Preston Jenkins was thirty-eight at the time of his death in 1961. He was murdered, said the file, by his wife, Laura. She had killed him because she had taken one too many beatings, one too many humiliations, one too many moments of terror.

Her son had been upstairs when she had done it and had therefore not witnessed the horror. He was fifteen at the time.

              Laura Jenkins had not been jailed. She had been given six years’ probation and ordered to have therapy. The world, it seemed, had tremendous sympathy for her. All those cherry-black eyes and blueberry-bruised arms, all those berry-fat lips and plum marks on her neck, had been but a promise of things to come, a downpayment on her death, but she had survived. Now the world cared. Now someone gave a damn. All those silent screams were now heard.

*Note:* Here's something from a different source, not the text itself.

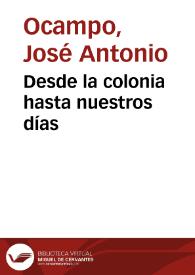 Portada:Desde la colonia hasta nuestros días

Too late, the damage was done.

Preston Jenkins himself had never been destined for greatness, but his outcome had been predestined. His life mirrored the generations before, every father a prelude to every son, every son an echo of his father.

It was only going to be a matter of time before the madness, the anger, the frustration, the genetic forces, peaked in a perfect storm and was let loose upon the world in savage revenge for the simple act of birth.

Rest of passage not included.